> **TASK PROMPT**
Without any of the pictures, set down the data below exactly.

(Pictures with short captions)

-.-.-

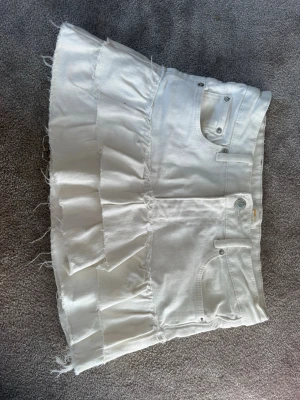 Själv gjord vit jeanskjol med volangdetalj  - Vit kort jeanskjol med volangdetalj och råa kanter. Kjolen har klassiska fickor fram och bak samt knapp- och dragkedjestängning. Perfekt för dig som gillar en trendig och avslappnad stil.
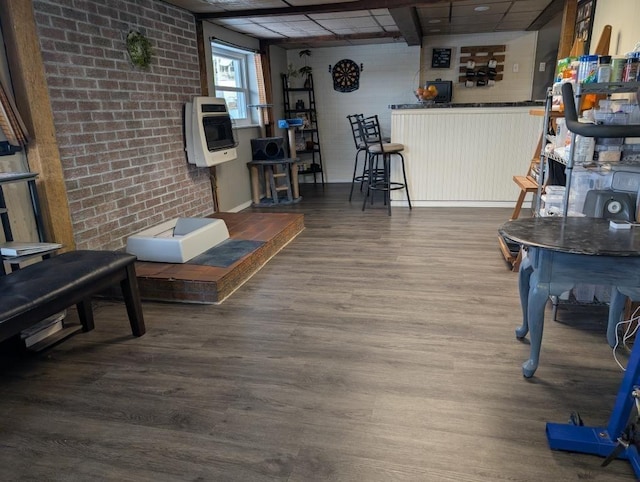 living room featuring brick wall, wood-type flooring, a paneled ceiling, and heating unit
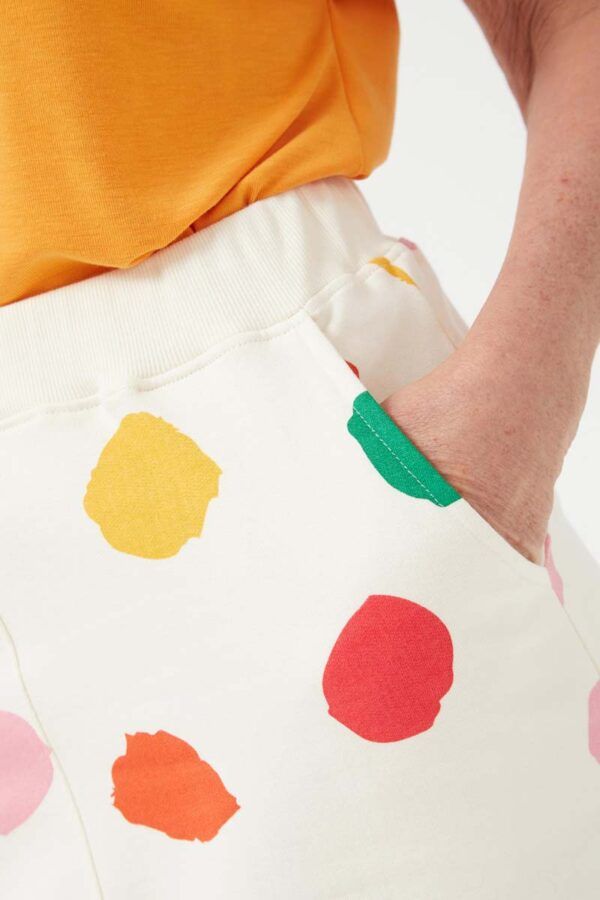 Falda midi en felpa de algodón con estampado de lunares multicolor Macula. Con cintura elástica de tiro medio. Bolsillos laterales. Compañia Fantastica
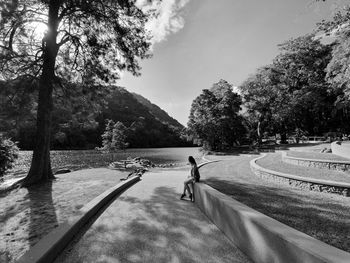 Man walking on road against sky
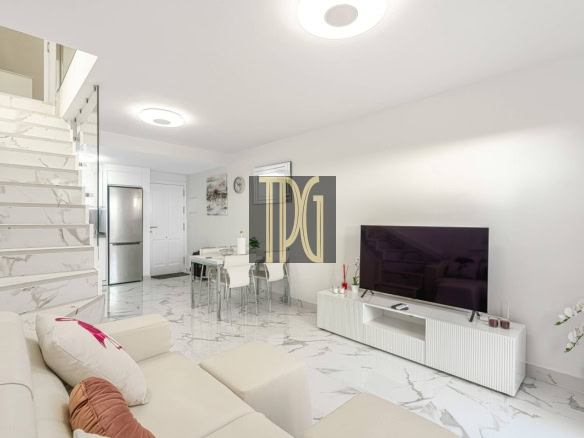 Bright open-plan living area with white sofa, marble floors, and a wall-mounted TV on a white media console; stairs with marble steps to the left.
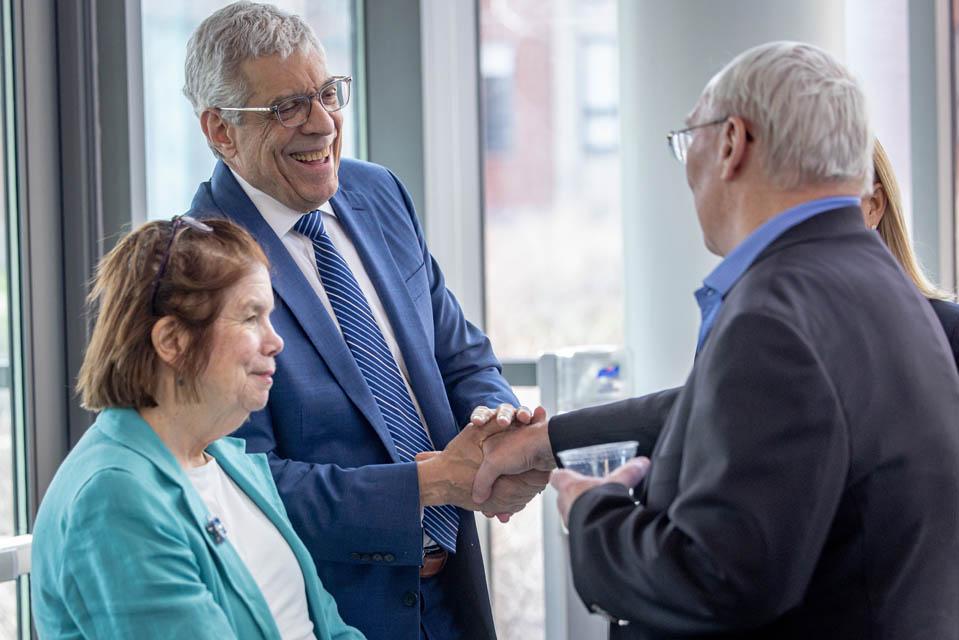 Fran Pestello, Ph.D., and Fred P. Pestello, Ph.D., greet Rex Sinquefield before the dedication of the Sinquefield Science and Engineering Center on March 18, 2025. Photo by Sarah Conroy. 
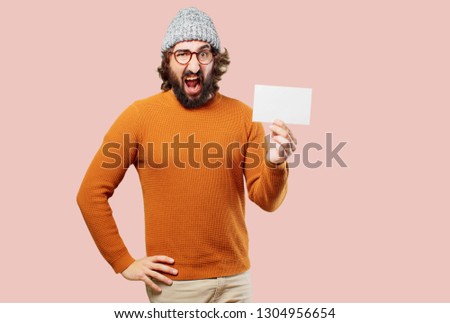 young bearded man with a placard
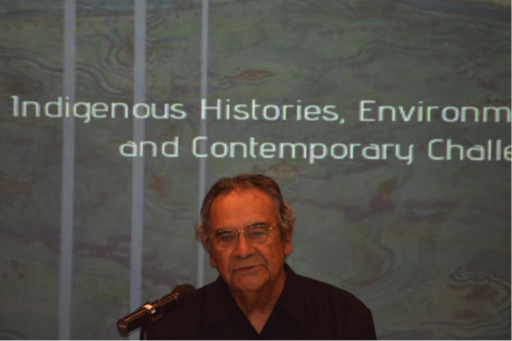 Man speaking into microphone in front of slide reading (in part) “Indigenous Histories”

-.-.-

> **TASK OUTPUT**
 Själv gjord vit jeanskjol med volangdetalj  - Vit kort jeanskjol med volangdetalj och råa kanter. Kjolen har klassiska fickor fram och bak samt knapp- och dragkedjestängning. Perfekt för dig som gillar en trendig och avslappnad stil.
 living room featuring brick wall, wood-type flooring, a paneled ceiling, and heating unit
 Falda midi en felpa de algodón con estampado de lunares multicolor Macula. Con cintura elástica de tiro medio. Bolsillos laterales. Compañia Fantastica
 Man walking on road against sky
 Bright open-plan living area with white sofa, marble floors, and a wall-mounted TV on a white media console; stairs with marble steps to the left.
 Fran Pestello, Ph.D., and Fred P. Pestello, Ph.D., greet Rex Sinquefield before the dedication of the Sinquefield Science and Engineering Center on March 18, 2025. Photo by Sarah Conroy. 
 young bearded man with a placard
 Man speaking into microphone in front of slide reading (in part) “Indigenous Histories”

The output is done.